We featured photographer Simas Lin's work a while back and now we're back for seconds. He is a skilled and highly creative photographer who pushes the boundaries of his photographic work. We got in touch with him recently and we're more than excited to share with you his thoughts on photography, his creative process, and a few things in between. Enjoy!
Hello, Simas! Welcome to the Lomography Magazine! Tell us about how you discovered photography. How did you know that photography was for you?
I've discovered photography when I was 16 years old. Then I bought my first SLR camera at a flea market and started experimenting with analog processes. It lasted up until I left school for business studies since I thought business is much more perspective than photography. After two years of studying I once and for all understood photography is what I want to do.
How would you define photography?
Photography is a great tool to release your philosophy in a visual form.
What do you think is the best thing about photography?
Its therapeutic features. Both for photographer and viewer.
How do you prepare for a shoot?
It depends on what I shoot. Sometimes it may be a long and difficult preparation with lots of location scouting etc. and sometimes just a quick pass by snapshot. Both can turn into great photograph.
The most important preparation is conceptual, everything else follows organically.
What's your favorite subject?
There's no fundamentally favorite subject for me. The subject I like is the one I need for an idea to be expressed.
How do you stay creative?
I try to work as much as possible.

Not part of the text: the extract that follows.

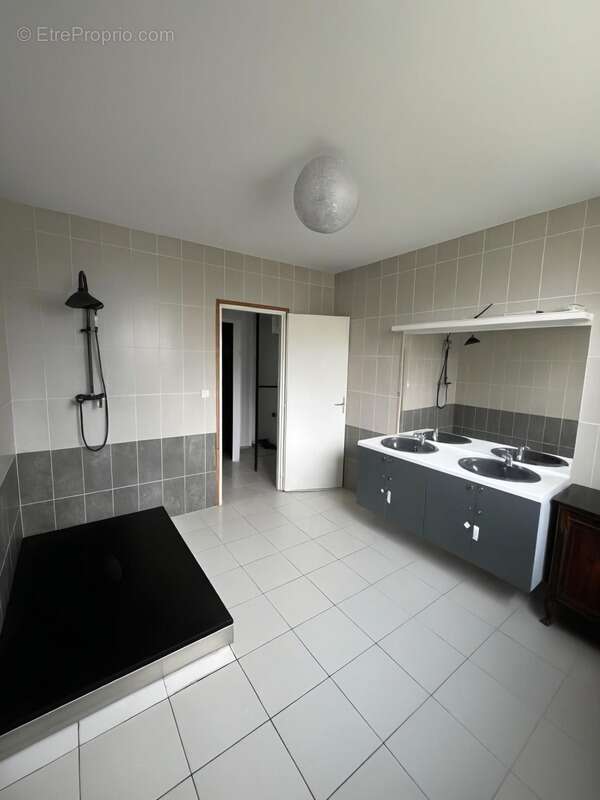 Secteur calme et recherché - 3 chambres - L'ISLE D'ESPAGNAC (16) - photo 7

It's such a banal saying, but it works.
What would you say are the most challenging things about photography in this day and age?
Obviously, it is a significance. We all have smartphones now, so we all became photographers. We can capture every single corner of our planet through satellites or Google street view, so we don't even need to get up from the sofa. Photography is soon to be renamed as 'digital record making.' That's generally what my recent project "Been There" is about.
We are in awe of your landscape shots. They are highly inventive, to say the least. What made you pursue that area of photography?
Thank you! Landscape was the first field that I genuinely explored, I guess because of its accessibility. It's just you, the landscape and a camera. No special effort or gear needed. And I've always tended to analyze the surroundings much more deeply than it's usual. I guess these two reasons merged.
Are there artists/photographers that influenced you heavily?
Everyone who's doing something original and unseen inspires me. When I first saw some new topographic works back in 2012 they greatly affected me.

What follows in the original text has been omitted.